Below are records; copy every line among them that contains the word "Photo".
(DATA TO PROCESS Opens)
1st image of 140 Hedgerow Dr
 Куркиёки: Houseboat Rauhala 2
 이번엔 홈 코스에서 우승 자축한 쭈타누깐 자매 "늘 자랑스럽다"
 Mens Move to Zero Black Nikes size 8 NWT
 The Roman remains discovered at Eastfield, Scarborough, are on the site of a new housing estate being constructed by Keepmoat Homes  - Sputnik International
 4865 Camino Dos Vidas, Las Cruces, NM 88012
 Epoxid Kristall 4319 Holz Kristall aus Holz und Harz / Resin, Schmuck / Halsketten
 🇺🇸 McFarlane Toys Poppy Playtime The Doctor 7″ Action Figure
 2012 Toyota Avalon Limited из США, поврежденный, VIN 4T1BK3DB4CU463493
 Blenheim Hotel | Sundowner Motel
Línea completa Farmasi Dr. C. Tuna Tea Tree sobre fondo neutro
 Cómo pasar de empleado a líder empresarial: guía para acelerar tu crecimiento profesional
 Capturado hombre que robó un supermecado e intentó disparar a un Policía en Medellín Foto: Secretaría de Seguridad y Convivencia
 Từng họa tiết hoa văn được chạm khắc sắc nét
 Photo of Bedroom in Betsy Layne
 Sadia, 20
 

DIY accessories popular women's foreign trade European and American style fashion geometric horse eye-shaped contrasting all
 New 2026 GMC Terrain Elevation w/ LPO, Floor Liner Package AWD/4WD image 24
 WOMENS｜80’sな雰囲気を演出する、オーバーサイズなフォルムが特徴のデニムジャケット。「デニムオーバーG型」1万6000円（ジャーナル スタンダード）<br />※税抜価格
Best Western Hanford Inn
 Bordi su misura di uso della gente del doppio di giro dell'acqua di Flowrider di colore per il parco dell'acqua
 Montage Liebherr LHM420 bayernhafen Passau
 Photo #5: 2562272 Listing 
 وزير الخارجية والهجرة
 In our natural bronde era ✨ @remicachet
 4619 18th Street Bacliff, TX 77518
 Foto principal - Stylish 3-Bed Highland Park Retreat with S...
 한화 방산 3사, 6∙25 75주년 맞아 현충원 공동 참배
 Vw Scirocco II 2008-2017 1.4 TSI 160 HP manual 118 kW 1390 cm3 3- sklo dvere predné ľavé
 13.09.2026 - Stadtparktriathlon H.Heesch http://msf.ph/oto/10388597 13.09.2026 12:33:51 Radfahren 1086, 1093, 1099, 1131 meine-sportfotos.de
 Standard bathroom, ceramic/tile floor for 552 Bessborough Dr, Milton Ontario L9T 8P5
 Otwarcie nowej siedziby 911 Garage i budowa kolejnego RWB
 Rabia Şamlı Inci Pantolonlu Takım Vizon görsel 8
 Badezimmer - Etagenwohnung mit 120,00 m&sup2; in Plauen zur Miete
(DATA TO PROCESS Closes)
» ANSWER TO THE EXERCISE:
 Photo of Bedroom in Betsy Layne
 Photo #5: 2562272 Listing 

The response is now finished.